INPUT MATERIAL

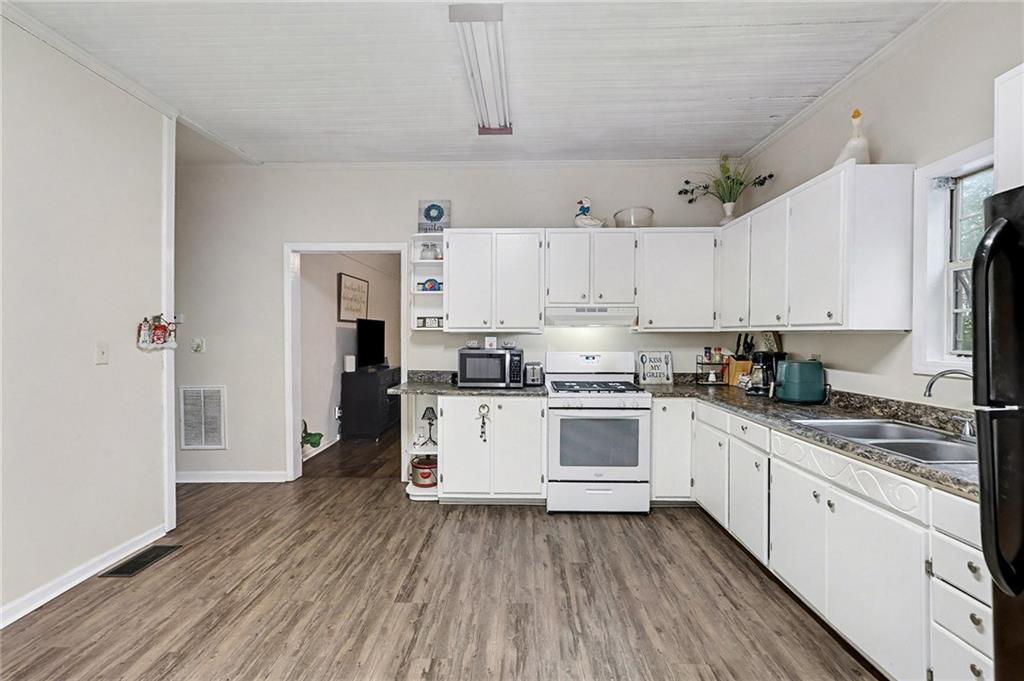 48 Maple Street Grantville, GA 30220 - Photo 10 of 26 a kitchen with white cabinets stainless steel appliances and sink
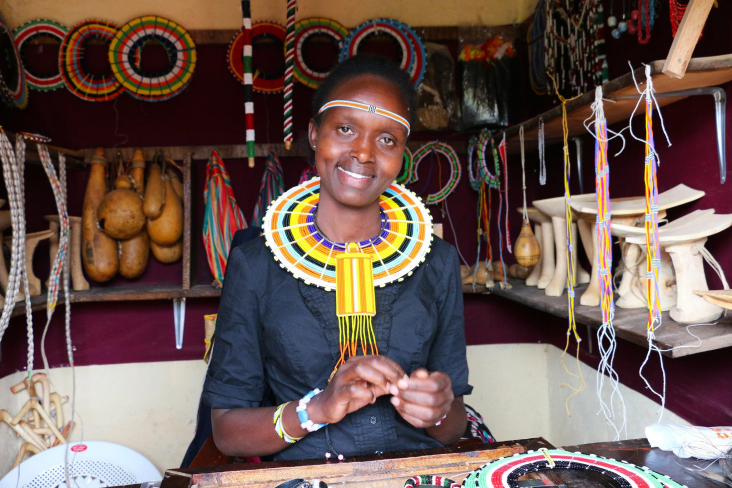 A young kenyan woman entrepreneur in her shop.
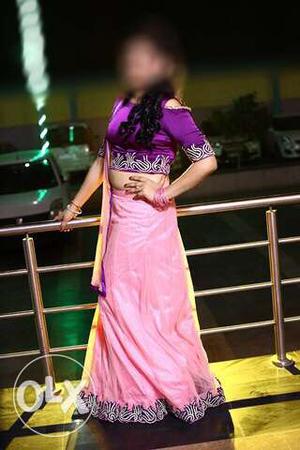 Pink long lehnga with purple crop top and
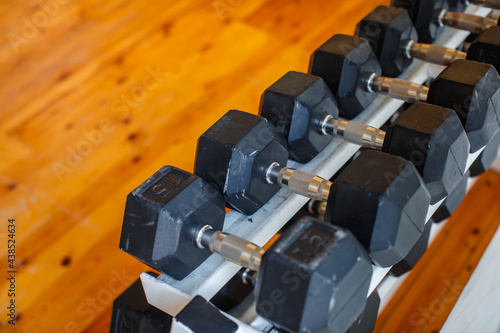 Fitness equipment. Dumbbell or barbell on wooden background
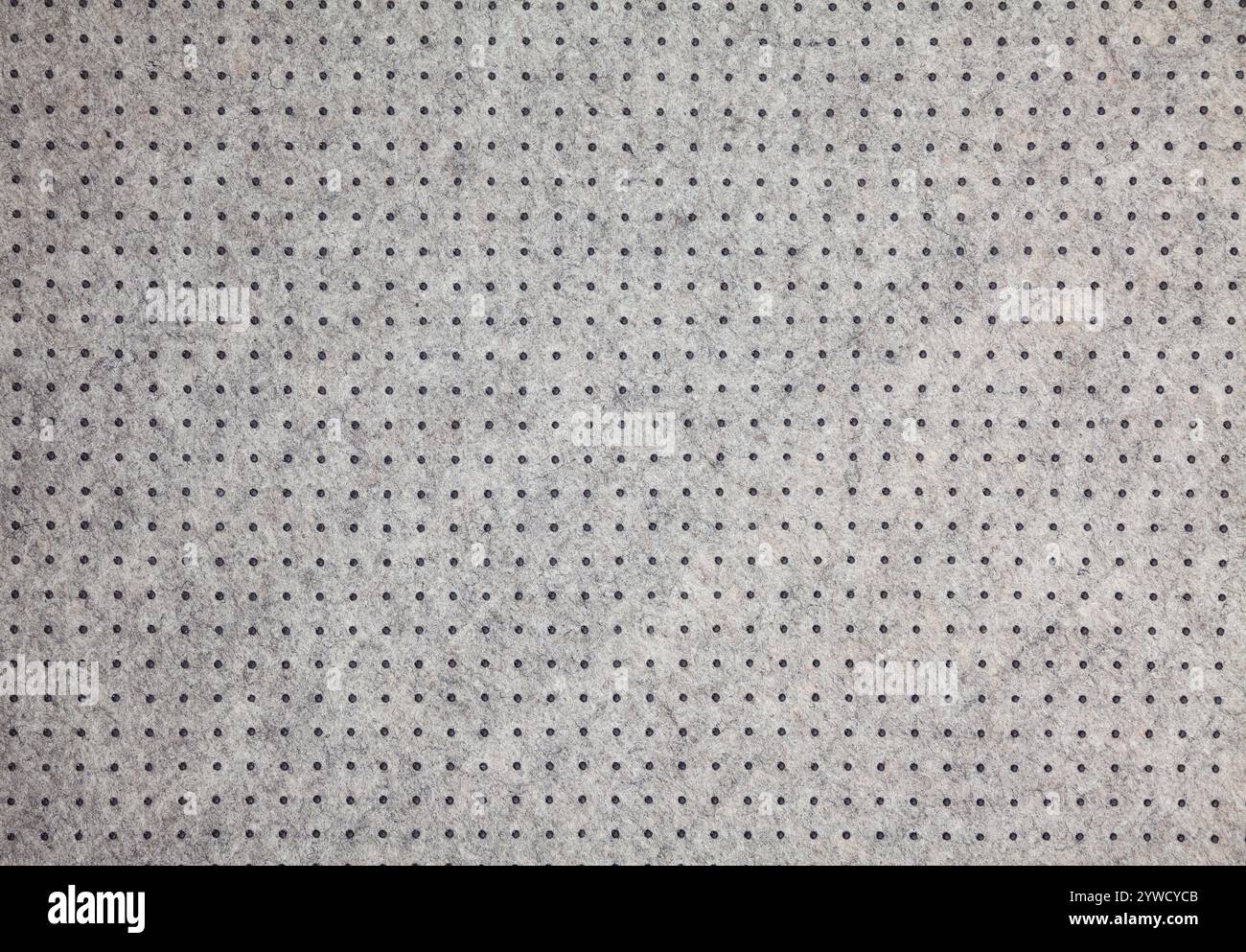 Grey felt material background with dark dots Stock Photo
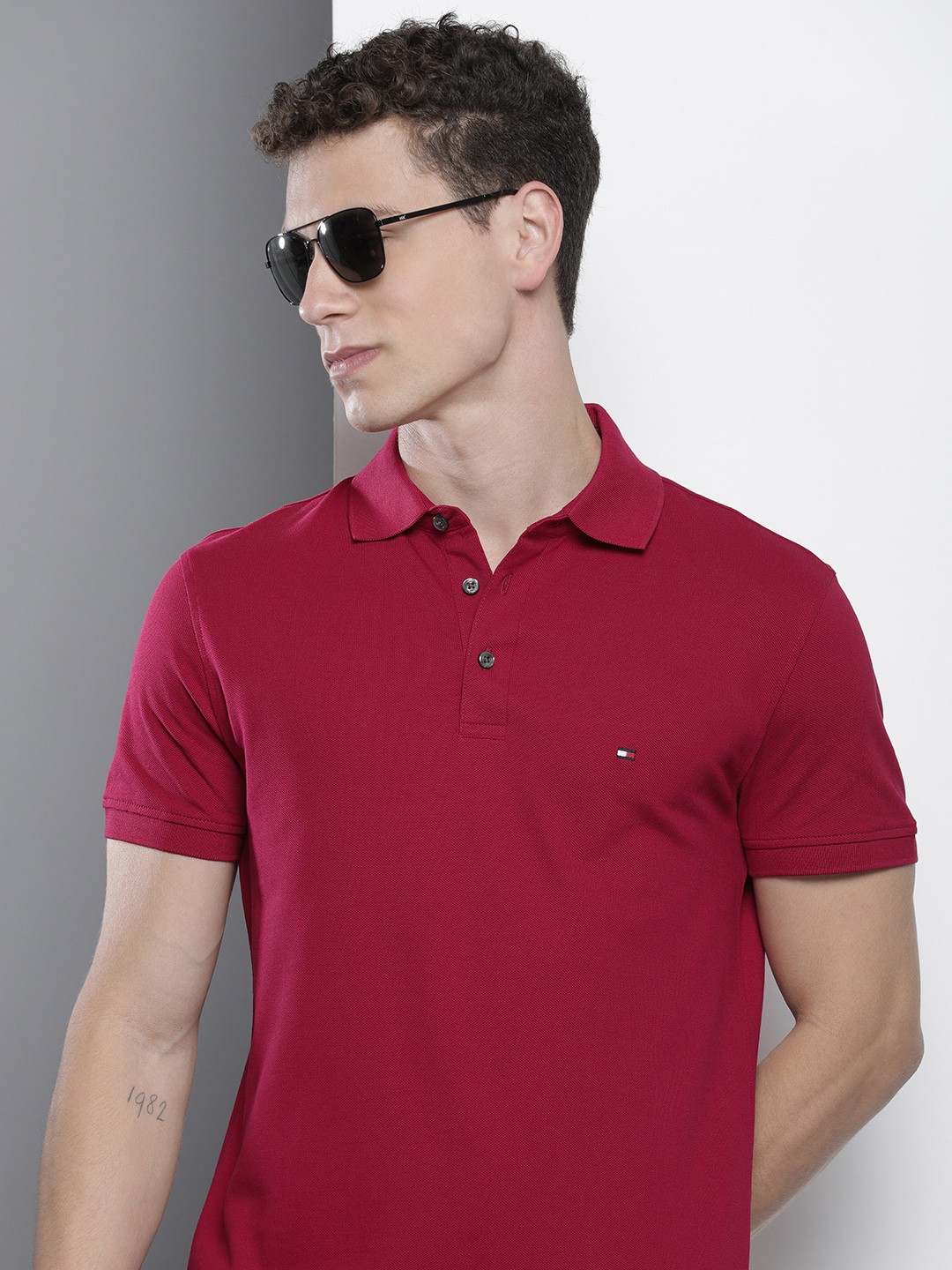 

Tommy Hilfiger Solid Slim Fit Short Sleeves Polo Collar T-shirt, Magenta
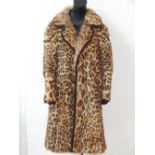 A ladies vintage leopard skin 3/4 length jacket, with silk lining.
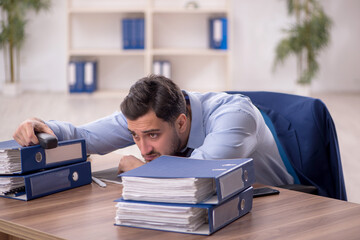 Young male employee and too much work in the office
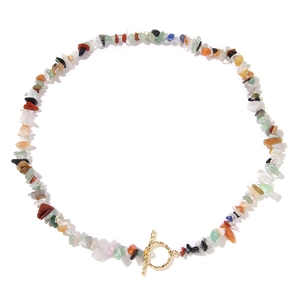 Detailed macro view of vintage multi-color natural stone necklace with gold OT toggle clasp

WORK ORDER
Write out all the records again, exactly, minus any pictures.

EXERCISE RESPONSE
 48 Maple Street Grantville, GA 30220 - Photo 10 of 26 a kitchen with white cabinets stainless steel appliances and sink
 A young kenyan woman entrepreneur in her shop.
 Pink long lehnga with purple crop top and
 Fitness equipment. Dumbbell or barbell on wooden background
 Grey felt material background with dark dots Stock Photo

Tommy Hilfiger Solid Slim Fit Short Sleeves Polo Collar T-shirt, Magenta
 A ladies vintage leopard skin 3/4 length jacket, with silk lining.
 Young male employee and too much work in the office
 Detailed macro view of vintage multi-color natural stone necklace with gold OT toggle clasp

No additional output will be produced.